Zo zouden we ook de diepste wens kunnen koesteren of we mochten leven in een ideale wereld, zonder zonde, zonder criminaliteit, zonder mensen die verkeerde dingen doen. Natuurlijk mogen we verlangen naar en bidden voor een wereld waarin mensen alleen maar goed doen en in harmonie leven. Maar als dat zou betekenen dat buiten je zelf en een groepje deugdzame mensen rondom je, alle mensen van de aarde verwijderd werden? Zou je dan nog zo verlangen naar jouw ideale wereld? Of zou je uit het diepst van je hart vragen of God absoluut de wereld zou laten bestaan en jou de kans zou geven mensen te behouden voor de ondergang? En zou je ook niet meer begrip krijgen voor mensen die met kwaad worstelen in hun leven? Dat is wat Jezus heeft gedaan: “Hij heeft de oorkonde verscheurd die met haar bezwarende bepalingen tegen ons getuigde. Hij heeft haar vernietigd en aan het kruis genageld”. 2) Daar had Hij zijn eigen leven, smetteloos en zonder zonde voor over. En kijk eens hoeveel ontelbare mensen Hij daardoor hoop gegeven heeft. Hoeveel mensen hij uitzicht gegeven heeft op een nieuw leven en op Gods koninkrijk! In elke generatie opnieuw en over de hele wereld.
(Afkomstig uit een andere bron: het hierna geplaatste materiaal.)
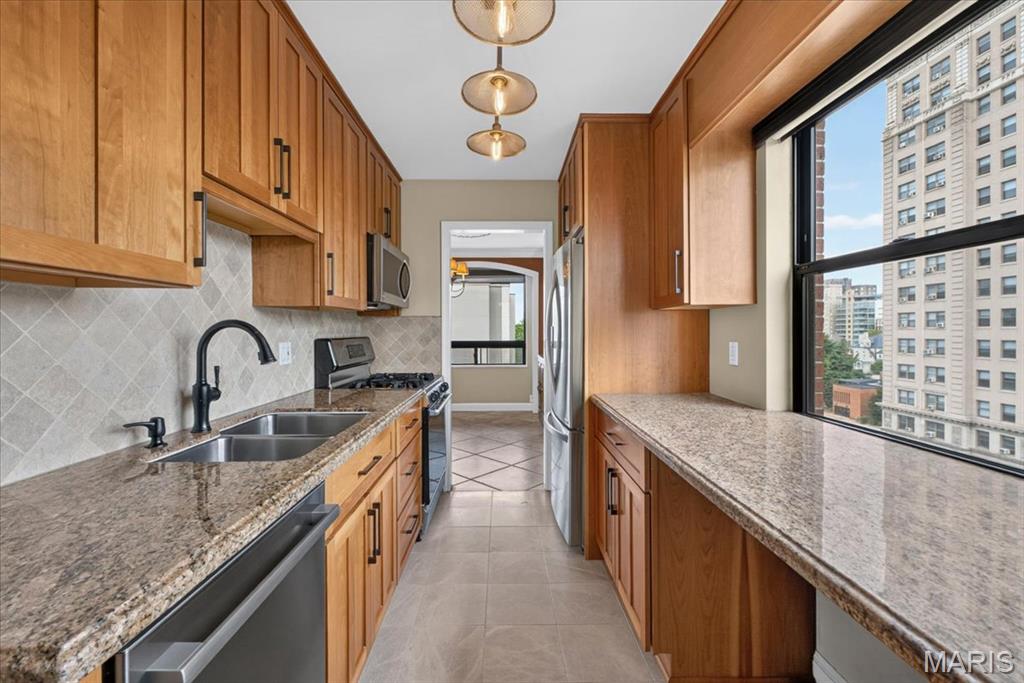 4466 W Pine Boulevard Unit: 8C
Het was alsof Abraham Jezus al kende toen hij bij God pleitte om Sodom en Gomorra niet te vernietigen, maar om de stad te behouden. Het gesprek tussen God en Abraham is adembenemend. Wat mogen we blij zijn dat zo’n verhaal in de bijbel staat en dat we het ook vandaag weer horen. Hier staat geen mens die van zichzelf vindt dat hij deugd en hij alleen, en dat de wereld beter af zou zijn zonder mensen die niet zijn zoals hij. Abraham pleit ervoor om de stad te behouden. Niet om het kwade voor te laten bestaan, maar om mensen te behouden: “Wilt Ge werkelijk met de boosdoeners ook de rechtvaardigen verdelgen? Dat kunt Ge toch niet doen?” 3) Abraham is en blijft vol hoop. Hij is bereid zichzelf mee in te zetten door een leven als een rechtvaardige door het uit te houden in een wereld die niet ideaal is, waar kwaad schade aanricht, maar waarin ook mensen zich kunnen bekeren.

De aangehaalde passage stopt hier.